Gawwk search engine provides listings of websites located in the United Kingdom. Gawwkbot is Gawwk's web crawling robot (sometimes also called a "spider"). Crawling is the process by which Gawwkbot discovers new and updated pages to be added to the Gawwk index.
Gawwkbot uses an algorithmic process: computer programs determine which sites to crawl, how often, and how many pages to fetch from each site. At present Gawwkbot only indexes websites that it determines to be relevant to its UK audience.
Gawwkbot's crawl process begins with a list of webpage URLs, generated from previous crawl processes and augmented with submissions from webmasters. As Gawwkbot visits each of these websites it detects links on each page and adds them to its list of pages to crawl. New sites, changes to existing sites, and dead links are noted and used to update the index.
For webmasters: Gawwkbot and your site
How Gawwkbot accesses your site
For most sites, Gawwkbot shouldn't access your site more than once every few seconds on average. However, due to network delays, it's possible that the rate will appear to be slightly higher over short periods. In general, Gawwkbot should download only one copy of each page at a time. If you see that Gawwkbot is downloading a page multiple times, it's probably because the crawler was stopped and restarted.
How to get listed on Gawwk
Gawwkbot may find a link to your website from another UK based resource. Your website URL will then be added to the index and flagged for crawling.
Gawwk.co.uk also provides a simple submission process for webmasters to help add their URL to the index. Submission does not guarantee inclusion or preferential ranking. Currently, Gawwk only lists websites relevant to its UK audience.
How to get more pages listed
Gawwkbot runs a standard pattern of indexing for websites in the UK, visiting and recording webpages on a predetermined schedule.
You can improve the freshness and the number of pages in our index by linking to Gawwk.co.uk from your website's homepage using a standard text link or one of our 'link buttons'. Once Gawwkbot has recorded your website's link to Gawwk UK, our system will automatically arrange more regular visits keeping your links fresh and up-to-date; it also steps deeper into your website and indexes more pages helping you gain additional visibility and traffic.
Linking to Gawwk also promotes your website to featured status on our other web properties, including our UK Web Directory.
Linking to Gawwk does not effect the ranking of your website.

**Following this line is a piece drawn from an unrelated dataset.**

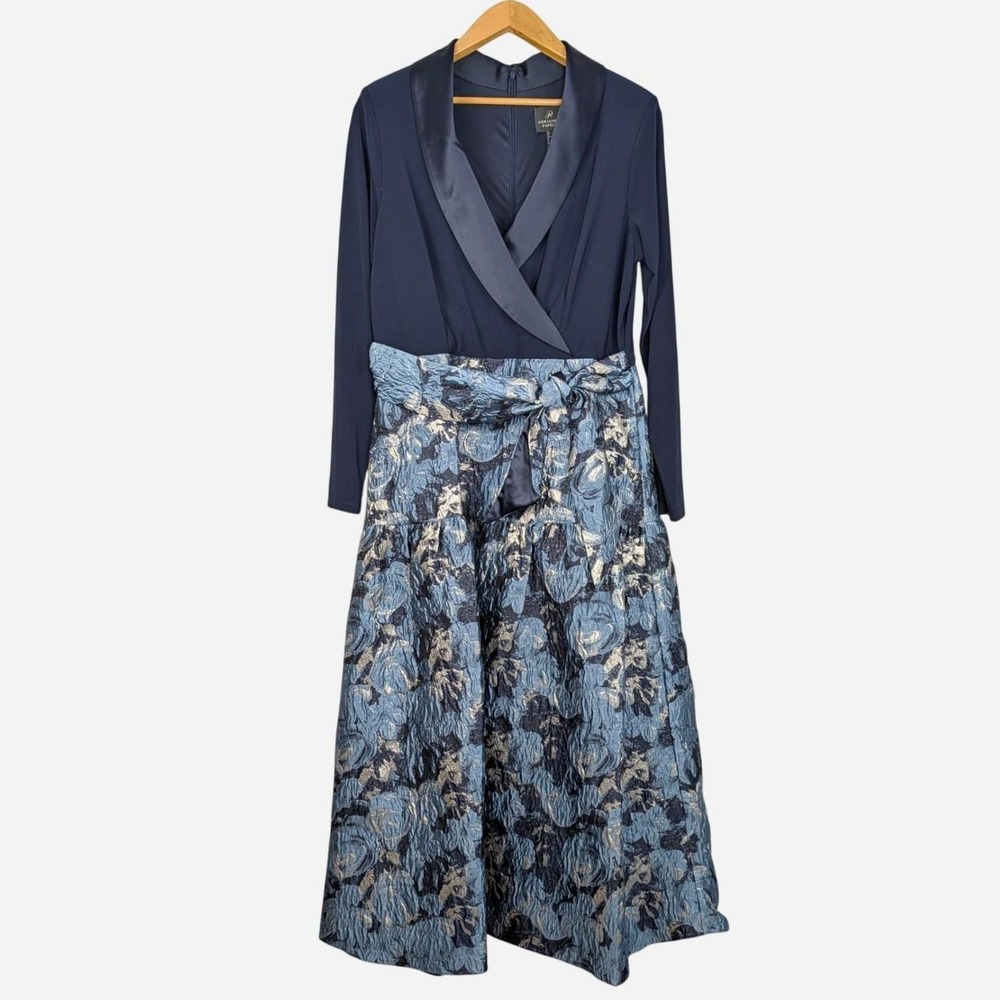 Adrianna Papell Jersey Jacquard Tuxedo Dress Navy Floral 14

If the link is removed, Gawwkbot returns to its standard indexing pattern.
How to get better rankings
Gawwk currently ranks websites based on a number of parameters. We continually modify and test new permutations of those ranking parameters to help determine the best results for our users. This means that the position of your website for any specific search may vary from day to day because of changes to your website, changes to other UK websites or changes to our ranking algorithm.
Blocking Gawwkbot from content on your site
If you want to prevent Gawwkbot from crawling content on your site, you have a number of options, including using robots.txt to block access to files and directories on your server.
Once you've created your robots.txt file, there may be a small delay before Gawwkbot discovers your changes. If Gawwkbot is still crawling content you've blocked in robots.txt, check that the robots.txt is in the correct location. It must be in the top directory of the server (e.g., www.yourdomain.com/robots.txt); placing the file in a subdirectory won't have any effect.
If you don't have a robots.txt file and want to prevent the "file not found" error messages in your web server log, you can create an empty file named robots.txt.
You can prevent Gawwkbot from indexing individual pages by using the noindex meta tag. If you want to prevent Gawwkbot from following all links on a specific page of your site, you can use the nofollow meta tag. To prevent Gawwkbot from following an individual link, add the rel="nofollow" attribute to the link itself.
Problems with spammers and other user-agents
The IP addresses used by Gawwkbot change from time to time. The best way to identify accesses by Gawwkbot is to use the user-agent (Gawwkbot). You can verify that a bot accessing your server really is Gawwk by using a reverse DNS lookup.